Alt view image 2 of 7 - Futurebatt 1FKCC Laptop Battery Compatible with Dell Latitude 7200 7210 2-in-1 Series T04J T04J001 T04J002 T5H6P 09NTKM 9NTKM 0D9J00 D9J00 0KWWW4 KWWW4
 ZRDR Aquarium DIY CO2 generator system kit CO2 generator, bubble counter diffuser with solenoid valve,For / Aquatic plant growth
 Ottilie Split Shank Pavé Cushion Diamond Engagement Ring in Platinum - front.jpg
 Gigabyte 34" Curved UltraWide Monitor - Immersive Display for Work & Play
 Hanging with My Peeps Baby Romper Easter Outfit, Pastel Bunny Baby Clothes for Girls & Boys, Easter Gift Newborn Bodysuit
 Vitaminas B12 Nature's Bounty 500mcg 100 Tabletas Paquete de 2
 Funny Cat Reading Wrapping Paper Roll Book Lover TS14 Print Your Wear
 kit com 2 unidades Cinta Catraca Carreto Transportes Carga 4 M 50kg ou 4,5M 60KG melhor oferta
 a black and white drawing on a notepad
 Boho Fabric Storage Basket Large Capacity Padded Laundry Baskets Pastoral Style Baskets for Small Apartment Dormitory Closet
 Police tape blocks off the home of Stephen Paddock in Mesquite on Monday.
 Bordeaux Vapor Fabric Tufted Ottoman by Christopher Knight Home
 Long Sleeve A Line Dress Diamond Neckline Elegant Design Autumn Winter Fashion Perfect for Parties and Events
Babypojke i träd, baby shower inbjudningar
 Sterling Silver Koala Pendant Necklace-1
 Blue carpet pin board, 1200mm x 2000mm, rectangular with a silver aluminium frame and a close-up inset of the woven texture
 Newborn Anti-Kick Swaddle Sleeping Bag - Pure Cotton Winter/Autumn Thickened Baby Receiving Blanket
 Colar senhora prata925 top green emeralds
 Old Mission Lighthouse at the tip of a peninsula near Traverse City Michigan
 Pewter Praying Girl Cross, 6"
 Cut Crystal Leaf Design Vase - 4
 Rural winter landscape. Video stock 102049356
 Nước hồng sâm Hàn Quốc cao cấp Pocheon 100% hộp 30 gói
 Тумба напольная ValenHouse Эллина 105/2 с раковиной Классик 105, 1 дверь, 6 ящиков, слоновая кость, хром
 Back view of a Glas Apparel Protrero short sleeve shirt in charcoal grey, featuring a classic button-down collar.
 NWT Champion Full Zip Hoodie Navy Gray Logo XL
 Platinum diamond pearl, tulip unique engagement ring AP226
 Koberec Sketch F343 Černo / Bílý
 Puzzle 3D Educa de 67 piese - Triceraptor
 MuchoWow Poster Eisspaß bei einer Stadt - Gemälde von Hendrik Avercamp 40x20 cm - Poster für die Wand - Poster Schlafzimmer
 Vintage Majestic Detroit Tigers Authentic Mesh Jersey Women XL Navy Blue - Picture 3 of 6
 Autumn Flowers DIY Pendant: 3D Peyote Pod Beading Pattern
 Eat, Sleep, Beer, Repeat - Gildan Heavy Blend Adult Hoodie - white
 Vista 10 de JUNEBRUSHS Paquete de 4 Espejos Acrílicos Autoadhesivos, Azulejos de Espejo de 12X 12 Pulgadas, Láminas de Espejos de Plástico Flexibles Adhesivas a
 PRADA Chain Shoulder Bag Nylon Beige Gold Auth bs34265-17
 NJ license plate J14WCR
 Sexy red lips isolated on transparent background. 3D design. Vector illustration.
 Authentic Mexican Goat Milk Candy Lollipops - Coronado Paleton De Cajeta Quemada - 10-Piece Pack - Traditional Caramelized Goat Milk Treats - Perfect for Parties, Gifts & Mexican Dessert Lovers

Assignment – Write out exactly the lines above from the line with "Platinum diamond pearl, tulip" through the line with "Vintage Majestic Detroit", both of them included, and leave out all other lines.

Reply to the task –
 Platinum diamond pearl, tulip unique engagement ring AP226
 Koberec Sketch F343 Černo / Bílý
 Puzzle 3D Educa de 67 piese - Triceraptor
 MuchoWow Poster Eisspaß bei einer Stadt - Gemälde von Hendrik Avercamp 40x20 cm - Poster für die Wand - Poster Schlafzimmer
 Vintage Majestic Detroit Tigers Authentic Mesh Jersey Women XL Navy Blue - Picture 3 of 6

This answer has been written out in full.